This signals a restrictive interpretation of good governance immunity that limits the ability for governments to rely on permissive legislation to insulate themselves from accountability for Charter rights violations that they knew or ought to have known were risks of their conduct.

Availability of Damages for Systemic Negligence

The Court of Appeal’s reasons also address the availability of class-wide remedies under tort law. The Court of Appeal rejected the class’ systemic negligence claim, but made clear that the class members remain free to pursue their individual claims for negligence at the individual issues stage of this class action.

The Court of Appeal characterized the negligence claim as primarily one that arises from the implementation of a particular policy, such that an application of the Edwards, Cooper, and Eliopoulos cases preclude a duty of care. This claim, “properly understood, arise from breaches of the Charter, Charter analysis and consideration of the availability of Charter damages is the appropriate remedy.”[5]

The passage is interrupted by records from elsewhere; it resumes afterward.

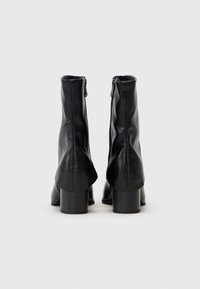 Marco Tozzi Bottines compensées - black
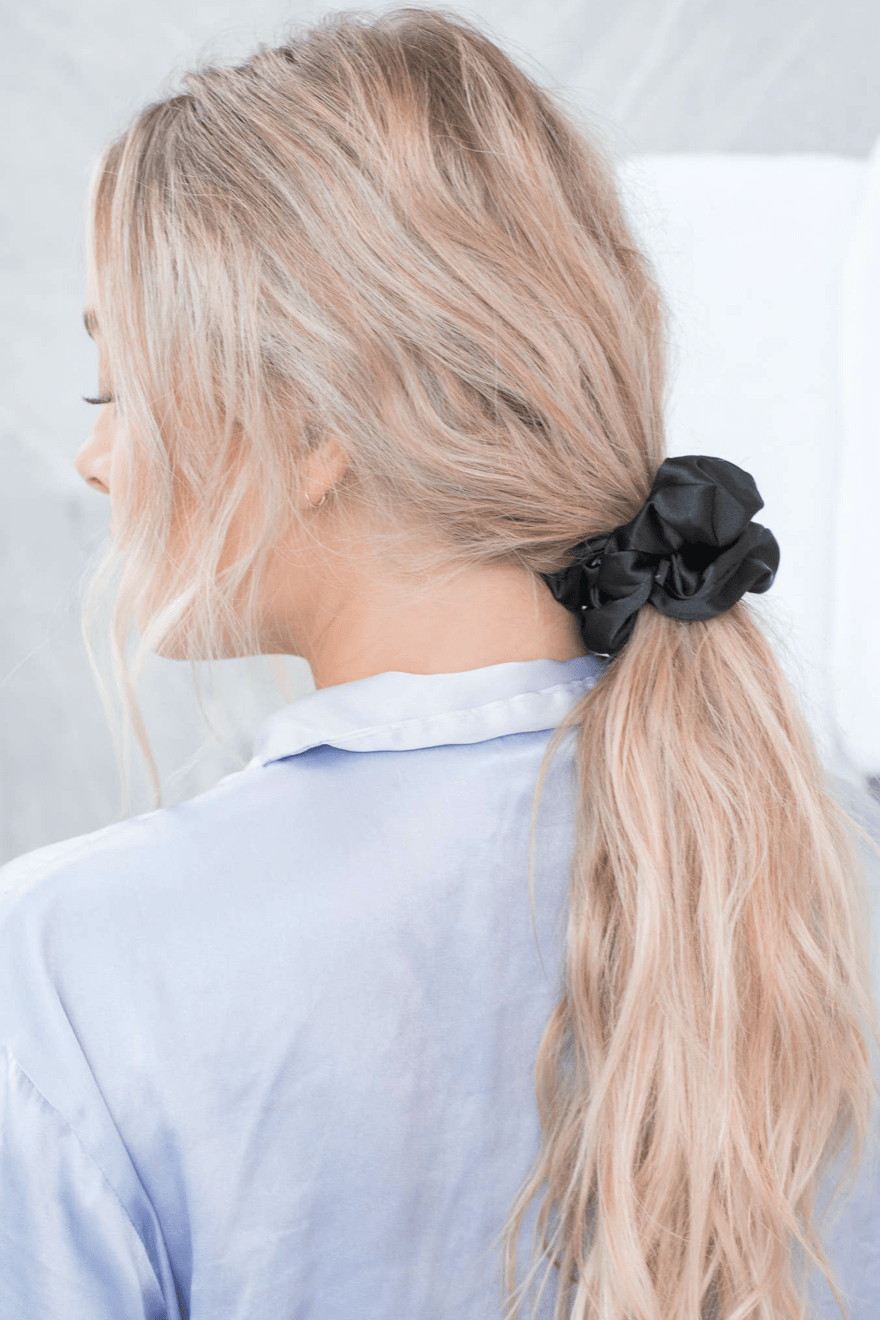 Black satin scrunchie from the Bliss set, casually holding a ponytail for a sleek and simple look.
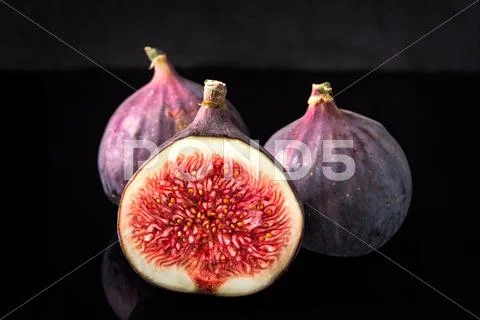 Black Figs Isolated On Black Board And Dark Reflections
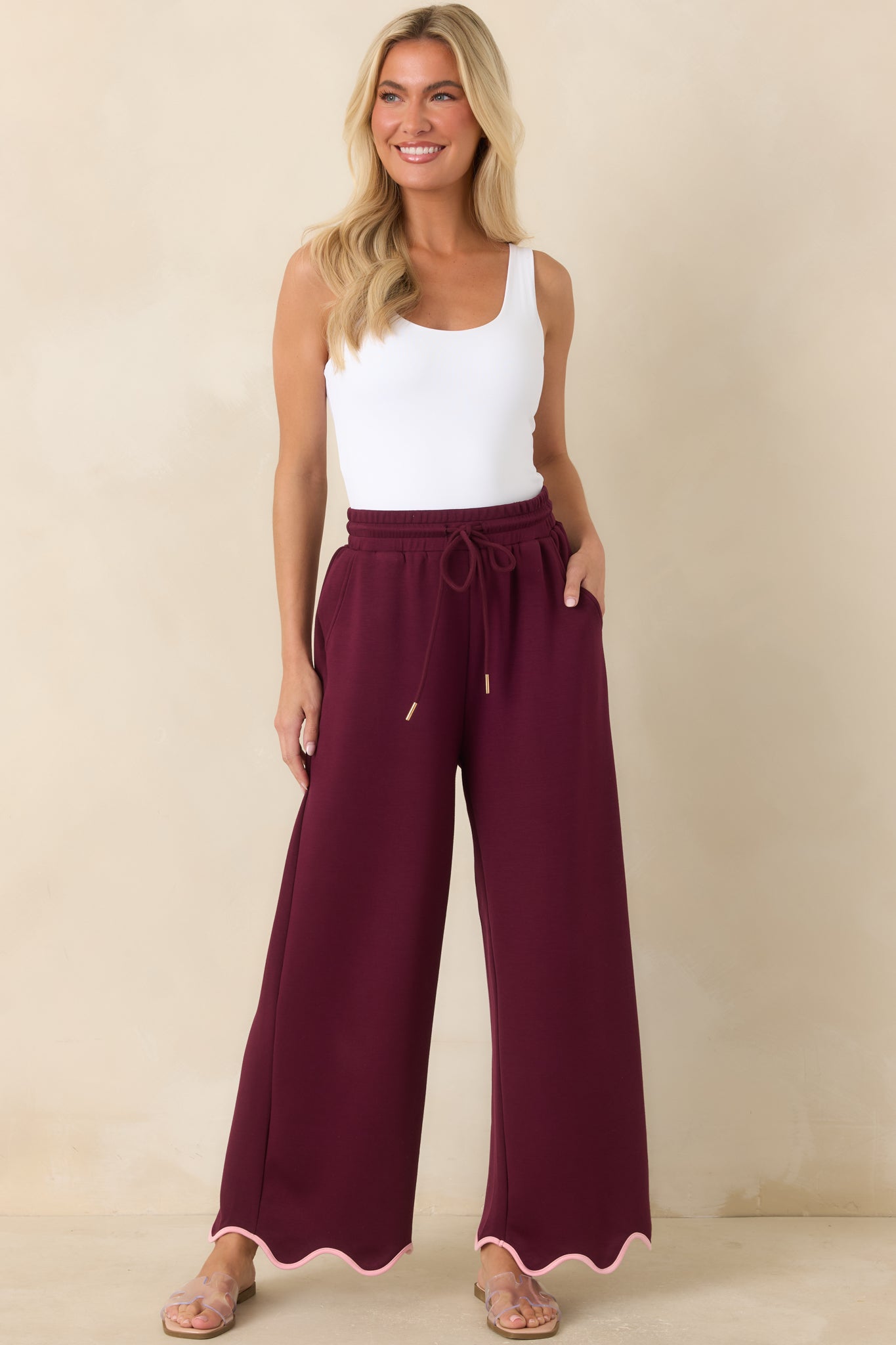 Soft burgundy pull-on pants with flowing wide legs, functional side pockets, and contrasting blush pink scalloped detailing along the hemline.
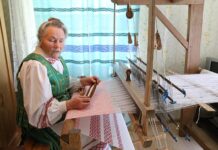 A. Araminienė puošiasi pačios austais tautiniais drabužiais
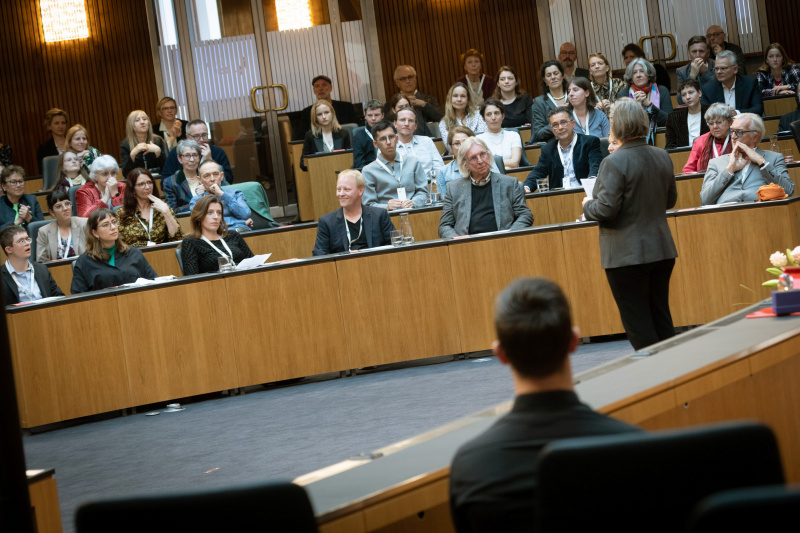 Anmoderation Daniela Kraus. Blick Richtung Veranstaltungsteilnehmer:innen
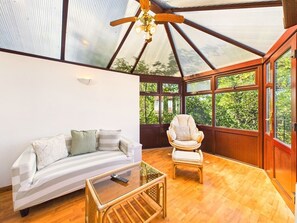 A room with a glass ceiling, a sofa, a chair, and a coffee table.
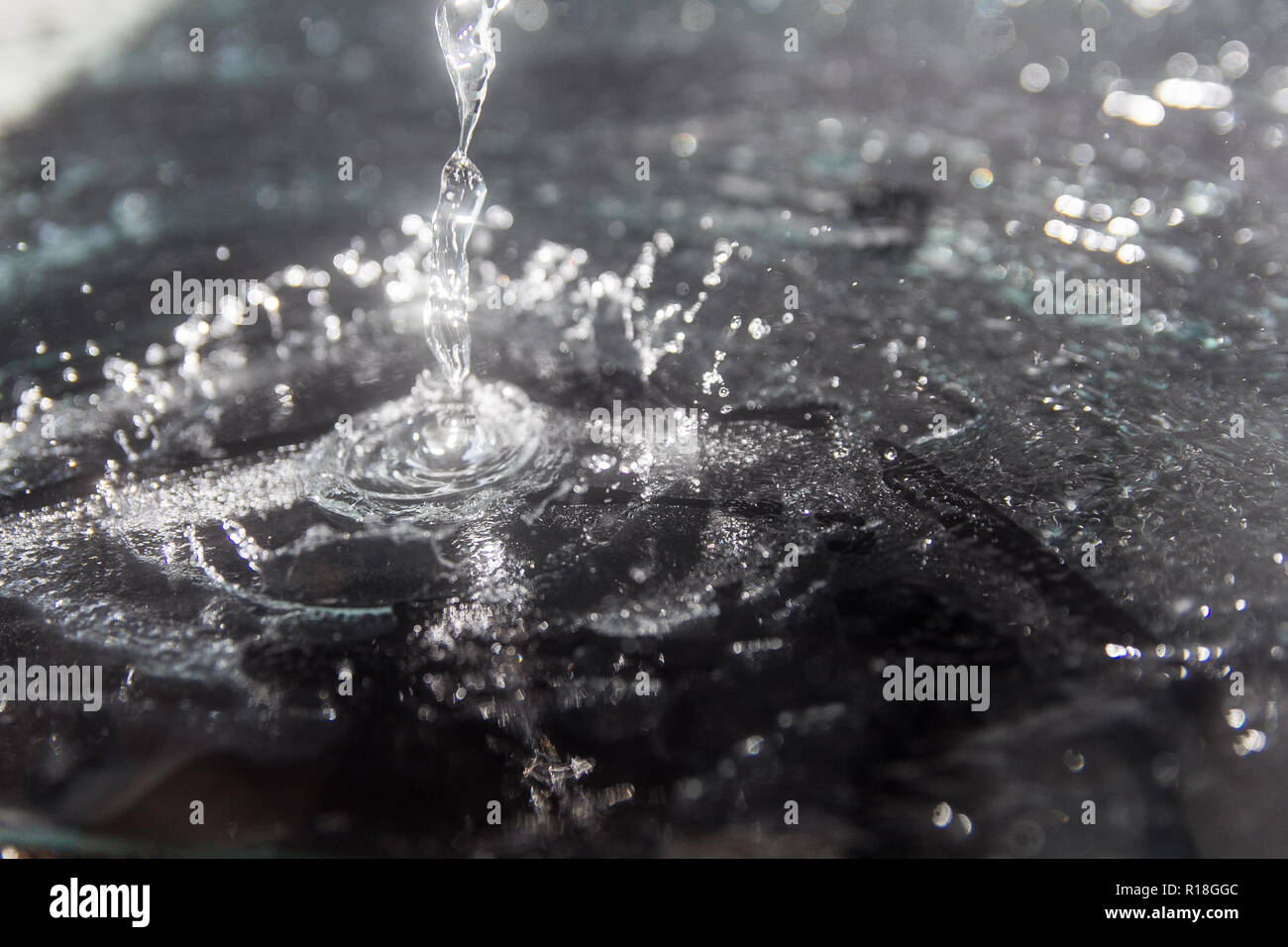 squirt, splash of water on a black background, drops Stock Photo - Alamy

Growing Judicial Condemnation of Solitary Confinement

Overall, this decision represents another strong condemnation of the practice of solitary confinement from the Ontario Court of Appeal who, a year ago, in Canadian Civil Liberties Association v. Canada, confirmed that the practice, as permitted by the Corrections and Conditional Release Act, S.C. 1992, c. 20 (“CCRA”), is unconstitutional and imposed a 15-day limit on its use.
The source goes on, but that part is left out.